Metadata-Version: 2.1
Name: mappgene
Version: 1.3.1
Summary: Genomic sequence analysis for high-performance computing
Author: Joseph Moon
Maintainer: Aram Avila-Herrera
Maintainer-email: avilaherrera1@llnl.gov
Classifier: Development Status :: 4 - Beta
Classifier: License :: OSI Approved :: BSD License
Classifier: Operating System :: POSIX :: Linux
Classifier: Topic :: Scientific/Engineering :: Bio-Informatics
Classifier: Topic :: System :: Distributed Computing
Classifier: Programming Language :: Python
Classifier: Programming Language :: Python :: 3
Classifier: Programming Language :: Python :: 3 :: Only
Classifier: Programming Language :: Python :: 3.7
Classifier: Programming Language :: Python :: 3.8
Classifier: Programming Language :: Python :: 3.9
Requires-Python: >=3.7
Description-Content-Type: text/markdown
License-File: LICENSE
License-File: NOTICE

mappgene
========

[![DOI](https://zenodo.org/badge/367142630.svg)](https://zenodo.org/badge/latestdoi/367142630)

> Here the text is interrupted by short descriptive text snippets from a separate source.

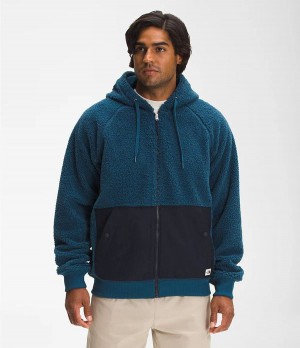 Pánské Mikiny The North Face Ridge Fleece Full Zip Blankyt | XPLWVUT-60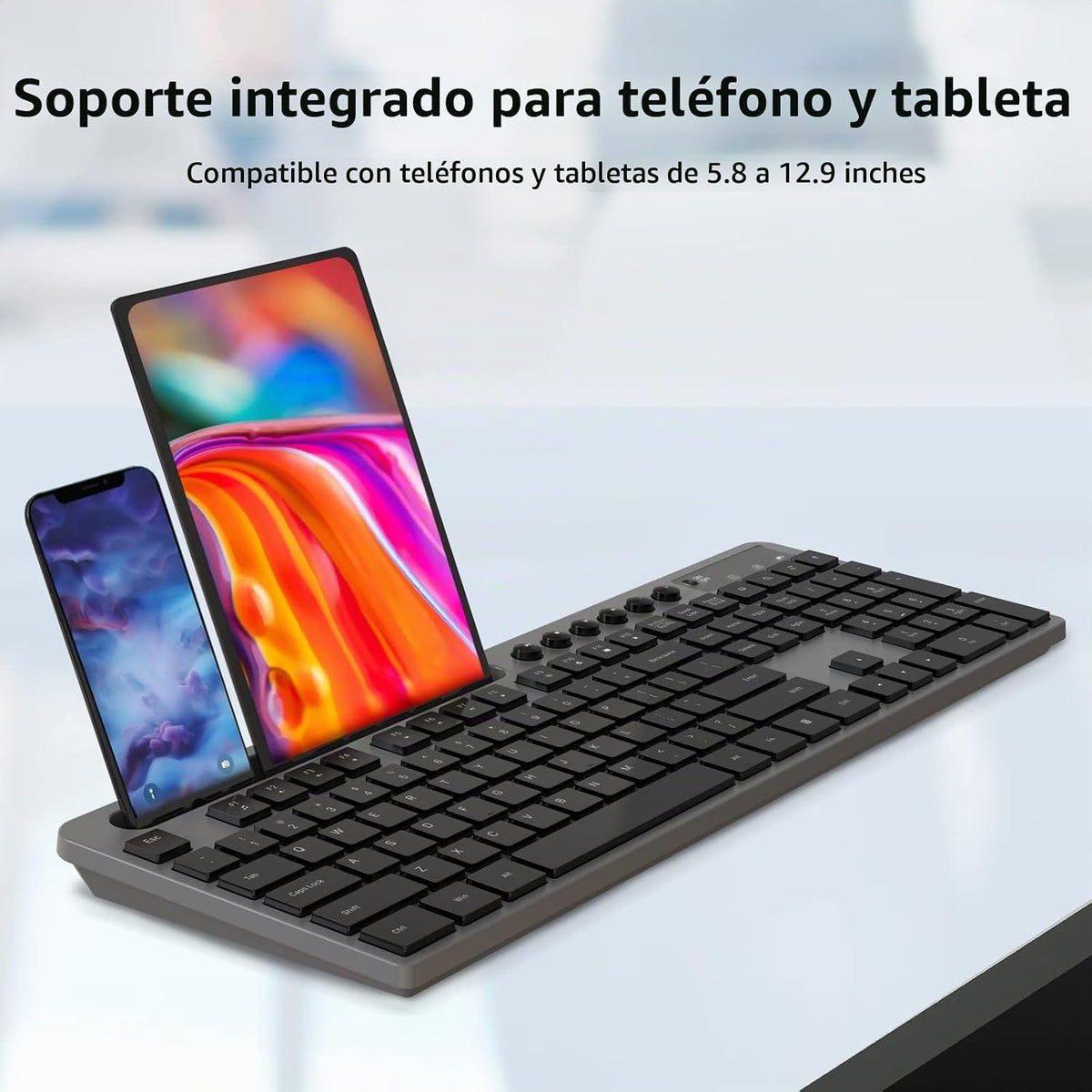Combinación de teclado y ratón inalámbricos, MARVO 2.4G Teclado ina...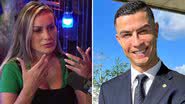 Andressa Urach relembra podres durante affair com Cristiano Ronaldo: "Ele tinha noiva" - Reprodução/YouTube/Instagram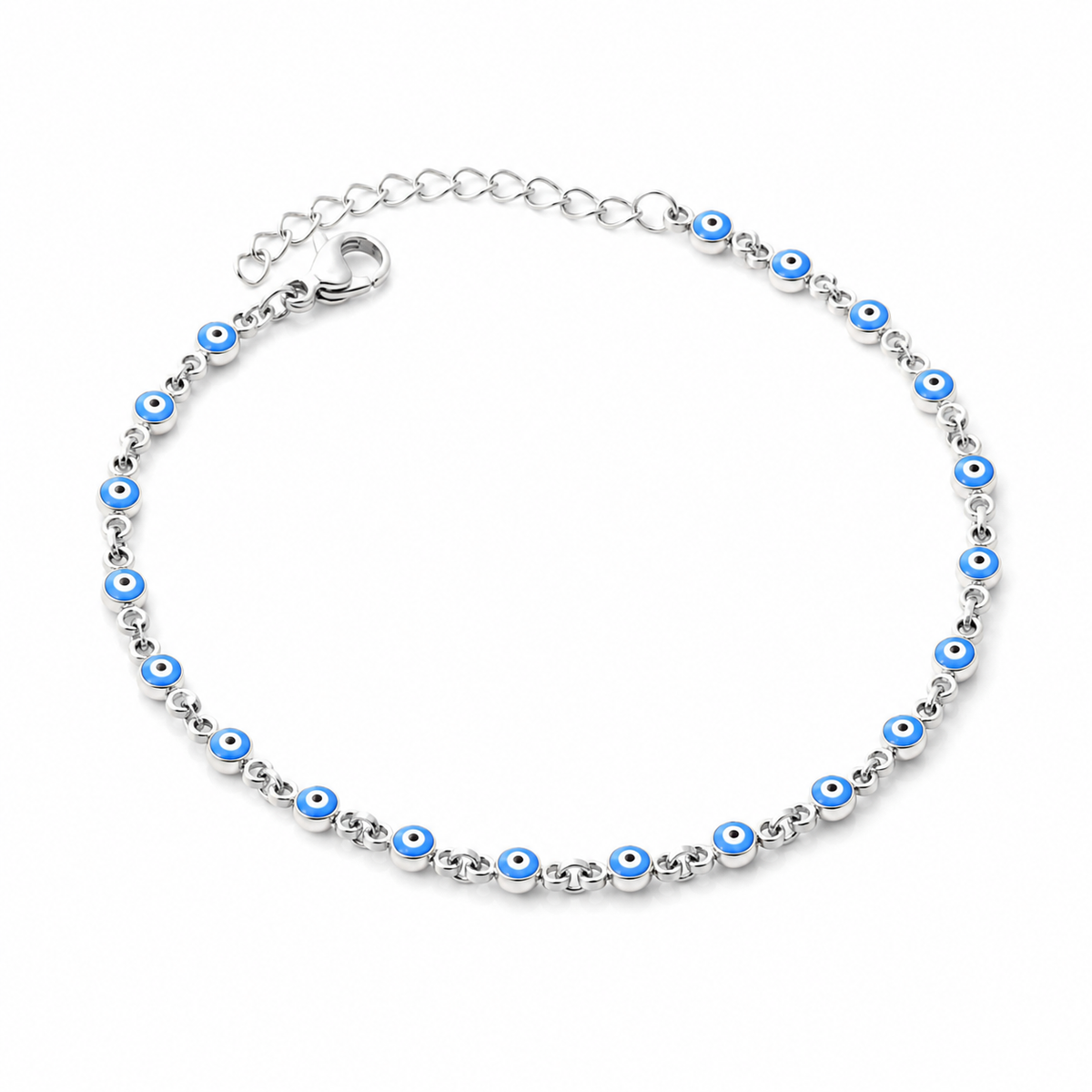 Nazar na lage bracelet ( silver)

mappgene is a SARS-CoV-2 variant calling pipeline designed for high-performance
parallel computing. It mainly wraps iVar (https://github.com/andersen-lab/ivar)
and LoFreq (https://github.com/CSB5/lofreq) variant callers, plus
snpEff/snpSift annotation tools.

Inputs: short-read paired-end Illumina RTA3 sequencing data in fastq format
(gzip compressed) (e.g., `SAMPLE_R1.fastq.gz SAMPLE_R2.fastq.gz`)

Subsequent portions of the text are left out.